Comprised of vocalist and multi-instrumentalist Oliver Ignatius, vocalist and multi-instrumentalist Joe Merklee, and drummers Steve Bartashev and Andrew Feyer, these four fellows practice a smart and snappy strain of pop rock that often references the sound and vision of bands like REM, Let’s Active and The Replacements.
But “Estonian Breakfast Strategies” filters these influences into a modern presentation, stressed by ripe energy and novel applications. An adventurous lot, The Craig Torso Show further cushions their material with a wide variety of musical gear, creating a homespun symphony of compelling effects. Aside from the typical guitar, bass, piano and drums played in a rock setting, unusual instruments such as a tanpura, rav vast, shahi baaja and bells are occasionally utilized, resulting in moments of exotic tuneage.
The first two tracks – “Living In Deep Space” and “Ellen Thompson’s Guide To Morality” – move with speed, precision and just the right amount of nerve-jangling tension to an exciting exhibition of jittery guitars, kicking breaks and driving rhythms.

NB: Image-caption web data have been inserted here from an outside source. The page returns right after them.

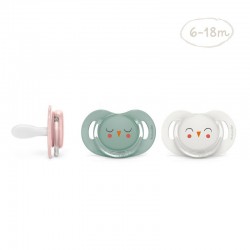 Packs The Basic Verde Mamaderas + broche y Chupete 0/6 meses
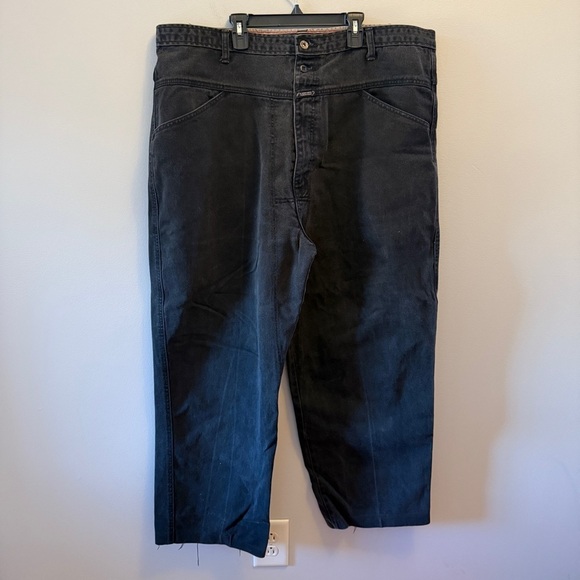 Marithe Francois Girbaud Other - Iconic Vintage 90s Marithé + François Girbaud Black Baggy Jeans – Size 42x29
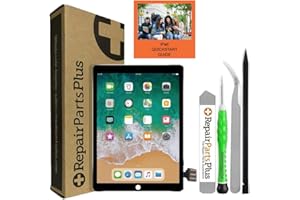 Repair Parts Plus for iPad Pro 9.7 | Screen Replacement LCD Display and Glass Touch Digitizer Premium Kit (9.7", A1673 | A1674 | A1675) + Tools + Adhesive - Black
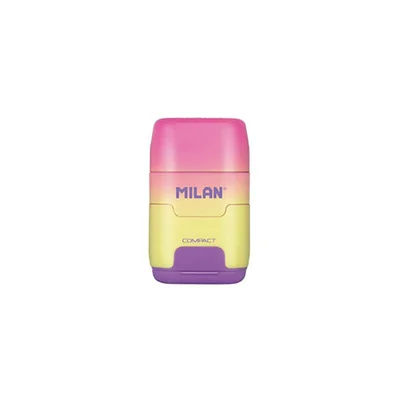 Milan Sharpener Sunset, double, with eraser, assorted colours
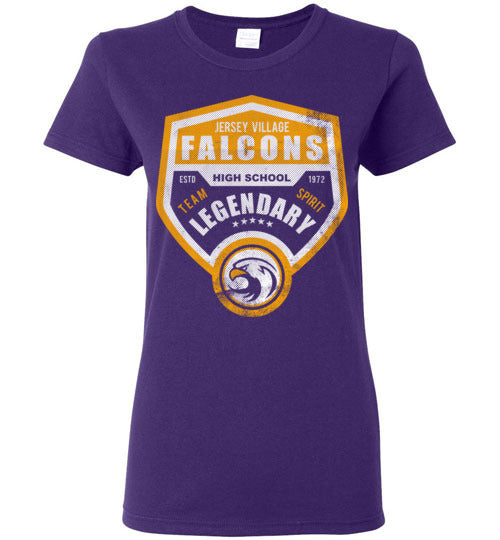 Jersey Village High School Falcons Women's Purple T-shirt 14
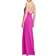 Gina Bacconi Bryony One Shoulder Maxi Dress - Fuchsia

Braided with a squealing organ and probing hooks, “Virginia Dare” deftly bridges the gap between sixties styled garage rock and new wave quirkiness, a bare-bones arrangement anchors the raggedy folk fable of “I Gave Away That Kid” and The Go-Betweens are honored on a fine copy of the emotionally-electrifying “The Man Who Died In Rapture.” Another cool reprise included on “Estonian Breakfast Strategies” is Bevis Frond’s “The Wind Blew All Around Me,” which twinkles and twirls with ringing riffs and smiley-face harmonies. Sculpted of riveting chord changes and enterprising orchestration, “Zero-Gravity Sex” and “The Irish Chiropodist” post as additional potent pieces heard on the album.
The Craig Torso Show has gotten off to a great start with “Estonian Breakfast Strategies.” The band’s edgy but appealing perspectives convey a sense of uniqueness and originality in both the songwriting and performances. Hopefully, The Craig Torso Show isn’t a one shot deal, and they will continue to do what they do so well.